Otten denkt na en schrijft over verhalende kunst, en vat dat breed op. Hij besteedt aandacht aan poëzie, romans, films, jeugdliteratuur. Aantrekkelijk aan zijn benadering is de diversiteit aan kunstenaars die hij onder de loep neemt. Hij analyseert even consciëntieus het werk van J. K. Rowling als dat van Shakespeare. Ook zijn cinematografische belangstelling is divers. Hij gaat onder meer in op de films Back to the future en Smoke. Hij schrijft over de nagenoeg vergeten Nederlandse dichters Chris J. van Geel en Willem de Mérode, maar ook over de televisievertoning van de pornoklassieker Deep Throat. Ook schrijft hij over zijn eigen geloofsbeleving.

Katholicisme
De op latere leeftijd tot het katholicisme bekeerde Otten formuleert uiterst nauwkeurig en bedient zich daarbij van in onbruik geraakte woorden als ‘geplogenheid’, ‘aanminnigheid’ en ‘ondelgbaar’. Het is kenmerkend voor de zeer persoonlijke zoektocht langs zijn eigen fascinaties. De stukken staan op zichzelf en vormen geen bijdragen aan een of ander debat. Echte opponenten lijkt hij niet te hebben, of het moeten al te nadrukkelijke ongelovigen zijn. Éénmaal gaat er een sneer in die richting:  ‘Het idee dat de tijd alleen maar in één richting verstrijkt is een intellectuele gotspe, echt iets voor darwinisten, marxisten en Dawkins.’

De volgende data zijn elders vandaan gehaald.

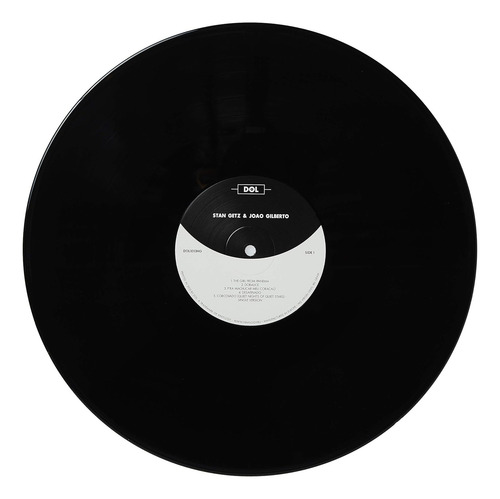 Getz Gilberto - Vinil 180g Gatefold Novo Lacrado Importado! Estandar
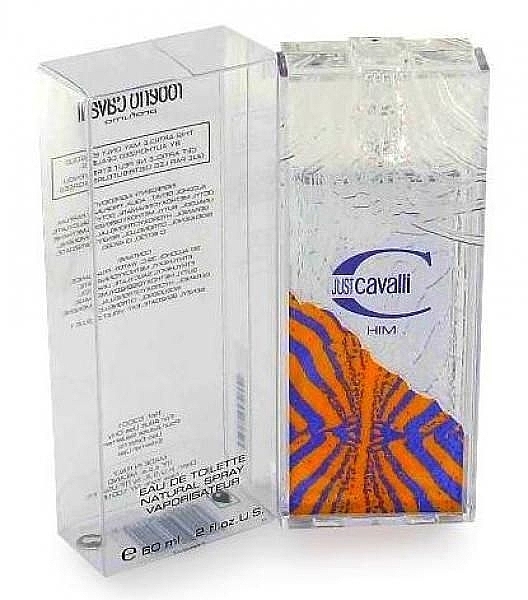 Roberto Cavalli Just Cavalli Him - Eau de Toilette (sample) — photo N1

Echter, over het algemeen besteedt Otten geen energie aan het bestrijden van andermans ideeën, maar het onderzoeken van zijn eigen:

Mijn literatuuropvatting zou je orthodox kunnen noemen. (…) Elk verhalend kunstwerk is een manier om te ontdekken wat er al is, een mysterie dat altijd weer het ene bewustzijn, het ene scheppend organisme van de ene kunstenaar, de ene lezer, de ene realiseerder nodig heeft om beseft te worden. Gevat. Opgevangen. En wat er opgevangen wordt is steeds hetzelfde raadsel, dat de spiegel van verhalen en scènes nodig heeft om weerkaatst, en door het menselijk bewustzijn gekend te worden: het mysterie van de vrije wil.

De stukken en passages die gaan over zijn geloof en met name over de betekenis van bidden, zijn voor de niet–gelovige minder toegankelijk. Maar er is grote verwantschap tussen Ottens poëzie– en geloofsopvatting. ‘Een gedicht (…) vangt poëzie op, zoals een religie God opvangt. En dus niet vangt.’ Daar lijkt zich een antwoord op zijn beginvraag schuil te houden. Otten raakt betrokken bij verhalen zodra hij glimpen meent op te vangen van ‘steeds hetzelfde raadsel’. Onze lieve vrouwe van de schemering bevat ook een aantal gelegenheidsstukken en enige onderlinge overlap is onvermijdelijk. Maar alles zo bijeen geeft het een mooi overzicht van Ottens denken over kunst.